À mesure que les talibans s’emparaient de plus en plus de territoires, le visage des femmes disparaissait lentement des médias afghans. Selon les médias, de nombreuses femmes journalistes de terrain se sont tournées vers des artistes de la voix sans nom.
« Je n’ai pas pu aller travailler, parce qu’ils ne permettent pas à mon employeur de continuer à m’embaucher », a déclaré Maryam, une jeune femme de 28 ans de Takhar, une province du nord récemment capturée par les talibans, citée par The National News.
« Je ne suis pas sortie de chez moi pendant tout ce temps, parce que je n’ai pas de mahram (compagnon masculin).
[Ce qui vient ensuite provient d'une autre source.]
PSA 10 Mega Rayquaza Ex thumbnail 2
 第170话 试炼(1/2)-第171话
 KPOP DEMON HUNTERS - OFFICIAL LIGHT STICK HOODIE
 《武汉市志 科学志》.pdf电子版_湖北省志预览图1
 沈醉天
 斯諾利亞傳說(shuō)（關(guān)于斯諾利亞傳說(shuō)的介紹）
Mon père est très vieux et malade et je soutiens la famille », a-t-elle ajouté.
Les talibans ont en effet changé : ils sont devenus plus impitoyables, dans leur volonté de repousser toute une génération, élevée dans l’ère post-talibane, dans l’émirat des années 90.
Incertitude, peur
Jusqu’à il y a trois mois, le récit du processus de paix était centré sur la protection des acquis des vingt dernières années dans le cadre d’un éventuel règlement négocié. Aujourd’hui, il ne s’agit plus des acquis. La survie du gouvernement afghan, qui a cherché à protéger ces acquis dans les pourparlers, est de plus en plus remise en question.
Deborah Lyons, représentante spéciale du secrétaire général des Nations unies pour l’Afghanistan, lors de son exposé au cours d’une récente réunion du Conseil de sécurité des Nations unies (CSNU), a déclaré qu’une Afghane lui avait confié qu’elle regrettait parfois d’avoir éduqué sa fille, qui se trouve désormais dans une position plus vulnérable.
« Nous ne parlons plus de préserver les progrès et les droits que nous avons acquis, nous parlons de simple survie », a-t-elle cité, citant les propos d’une autre femme. Pour des milliers de personnes vivant dans les territoires nouvellement capturés par les talibans, ces acquis font déjà partie de l’histoire.
Cependant, tous ne sont pas encore prêts à se rendre face à la montée en puissance des talibans. Aujourd’hui, la société afghane est tout autant connectée au monde global que n’importe lequel de ses homologues occidentaux. L’indignation, la colère et le sentiment d’abandon ne mettent plus des jours ou des semaines à dépasser les limites géographiques de l’Afghanistan. Les gens, y compris les femmes, s’opposent de plus en plus, et avec force, au discours des talibans sur leur pays. Récemment, de nombreuses femmes, dans différentes régions du pays, ont pris les armes en dernier recours. Seul l’avenir nous dira si leur résistance sera couronnée de succès.
Les quarante années de guerre prolongée ont eu un impact sur la société afghane, en particulier sur les femmes, d’une manière qui a peu de parallèles dans l’histoire humaine récente. Pour l’émirat professé par les talibans, qui a cherché à effacer le visage public des femmes afghanes, il ne sera pas facile non plus de diriger un pays rempli d’orphelins, de veuves de guerre et de vieux parents sans personne pour s’occuper d’eux. Forcer les femmes à rester derrière les quatre murs de leur maison n’est peut-être pas une option pour un pays aussi ravagé que l’Afghanistan.